Ao embarcar para a Índia, se acaso guardava ainda alguns resquícios de inocência desses tempos de meninice e juventude ao serviço do Mestre de Santiago, perdera-os irremediavelmente durante a viagem, vendo como o comportamento dos que embarcavam em busca de fortuna se assemelhava mais ao das feras do que ao dos homens. A experiência, por outro lado, ensinara-lhe que não devia esperar ajuda de outrem, pois no Oriente cada um era por si, o que, seja dito em abono da verdade, não era muito diferente no reino.
À sua chegada, no dia cinco de Setembro, a Diu – onde as naus d’el-rei, Frol de la Mar, Galega e Santa Bárbara, tinham ido deixar homens de reforço na fortaleza ameaçada pelos turcos –, vendo a alegria e o caloroso acolhimento com que eram recebidos pelo capitão António da Silveira e pelos seus companheiros, Fernão experimentara uma sorte de epifania ao sentir que fazia parte desse pequeno punhado de homens, quase todos portugueses, a quem Deus concedera o privilégio de visitarem, antes de quaisquer outros europeus, aquelas remotas paragens para aí se estabelecerem.
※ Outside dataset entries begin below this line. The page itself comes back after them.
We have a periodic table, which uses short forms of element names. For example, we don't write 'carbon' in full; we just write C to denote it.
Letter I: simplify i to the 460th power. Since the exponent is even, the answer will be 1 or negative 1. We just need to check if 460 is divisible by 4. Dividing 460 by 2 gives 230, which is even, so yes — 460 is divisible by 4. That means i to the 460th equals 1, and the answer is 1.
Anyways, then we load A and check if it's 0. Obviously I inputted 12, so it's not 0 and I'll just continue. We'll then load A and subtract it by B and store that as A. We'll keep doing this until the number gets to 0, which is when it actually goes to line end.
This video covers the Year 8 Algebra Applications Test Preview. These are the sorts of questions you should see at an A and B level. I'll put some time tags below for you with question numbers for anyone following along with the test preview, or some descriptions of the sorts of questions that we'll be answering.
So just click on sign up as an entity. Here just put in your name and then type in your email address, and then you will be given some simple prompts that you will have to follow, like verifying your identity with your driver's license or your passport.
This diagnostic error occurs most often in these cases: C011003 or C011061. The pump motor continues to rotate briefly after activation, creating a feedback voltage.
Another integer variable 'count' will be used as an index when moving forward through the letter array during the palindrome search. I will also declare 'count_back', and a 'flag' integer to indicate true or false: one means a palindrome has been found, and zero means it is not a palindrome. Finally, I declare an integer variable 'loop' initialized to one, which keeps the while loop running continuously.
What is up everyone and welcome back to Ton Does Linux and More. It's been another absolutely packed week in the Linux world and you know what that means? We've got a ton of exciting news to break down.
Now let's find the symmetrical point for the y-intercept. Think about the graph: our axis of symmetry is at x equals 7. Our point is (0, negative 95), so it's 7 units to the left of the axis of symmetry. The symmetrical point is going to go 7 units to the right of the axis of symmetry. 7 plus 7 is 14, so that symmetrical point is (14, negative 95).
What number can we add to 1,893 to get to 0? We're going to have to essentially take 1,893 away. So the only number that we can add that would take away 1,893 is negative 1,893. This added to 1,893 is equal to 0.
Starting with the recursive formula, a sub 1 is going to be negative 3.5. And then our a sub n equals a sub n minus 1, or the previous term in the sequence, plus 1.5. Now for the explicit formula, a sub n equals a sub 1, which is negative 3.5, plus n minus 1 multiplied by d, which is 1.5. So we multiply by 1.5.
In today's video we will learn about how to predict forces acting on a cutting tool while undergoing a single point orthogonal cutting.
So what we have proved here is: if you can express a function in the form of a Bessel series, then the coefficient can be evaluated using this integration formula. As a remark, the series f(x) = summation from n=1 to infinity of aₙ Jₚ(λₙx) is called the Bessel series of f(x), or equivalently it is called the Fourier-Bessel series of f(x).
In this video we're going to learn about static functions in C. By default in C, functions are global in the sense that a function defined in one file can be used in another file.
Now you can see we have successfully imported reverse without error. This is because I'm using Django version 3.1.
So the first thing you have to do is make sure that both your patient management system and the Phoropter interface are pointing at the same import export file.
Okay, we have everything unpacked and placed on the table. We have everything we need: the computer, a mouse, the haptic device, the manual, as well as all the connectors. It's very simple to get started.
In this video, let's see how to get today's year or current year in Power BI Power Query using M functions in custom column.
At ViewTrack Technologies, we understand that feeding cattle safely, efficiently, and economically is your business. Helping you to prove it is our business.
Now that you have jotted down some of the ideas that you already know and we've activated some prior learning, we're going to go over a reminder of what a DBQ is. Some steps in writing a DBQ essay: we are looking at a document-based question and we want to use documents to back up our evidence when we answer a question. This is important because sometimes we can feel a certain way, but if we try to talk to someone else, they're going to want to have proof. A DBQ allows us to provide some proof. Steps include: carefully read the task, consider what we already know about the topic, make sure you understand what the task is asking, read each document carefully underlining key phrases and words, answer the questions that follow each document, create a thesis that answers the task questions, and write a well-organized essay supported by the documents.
Com surpresa constatara que os mercados do Ocidente não chegavam sequer aos calcanhares dos da Índia, tendo muito pouco para oferecer em troca da variedade e riqueza dos seus produtos, quer naturais quer manufacturados, que ele via expostos por toda a parte, como se aquele lado do mundo fosse um bazar inesgotável para os mercadores que ali vinham carregar os seus navios ou as suas cáfilas. Fernão sentiu crescer dentro de si a ânsia de descobrir as ilhas encobertas de que falavam os matalotes, cujas areias eram pó de ouro e as pedras pepitas; ou, na sua impossibilidade, buscar as fontes odoríficas das especiarias, essa cornucópia de fortunas feitas em pouco tempo e quase sem trabalho.
O capitão da fortaleza, António da Silveira e Meneses, era um fidalgo da casa real, filho de Nuno Martins da Silveira (senhor de Góis e mordomo-mor da rainha D. Catarina) e irmão mais novo de Luís da Silveira, o conde da Sortelha. Cavaleiro de grande coragem, servira já como capitão de Goa e de Ormuz, antes de lhe ser dada a capitania de Diu e era tão generoso e mãos-largas que dava mesa, à sua custa, a mais de quinhentos homens.
Os bons auspícios que Fernão tivera no início da viagem confirmaram-se, dezassete dias depois de ter posto o pé em terra, quando estava ainda sem saber o que fazer da sua vida no arraial de tendas onde se acolhiam os recém-chegados sem pouso nem protectores na terra. Um capitão seu amigo, que ia partir com duas fustas para o mar Roxo, desafiara-o a acompanhá-lo, alvoroçando-o com a promessa de andarem às presas nos barcos de Meca, cujo saque o haveria de enriquecer. Aceitara a oferta sem hesitação.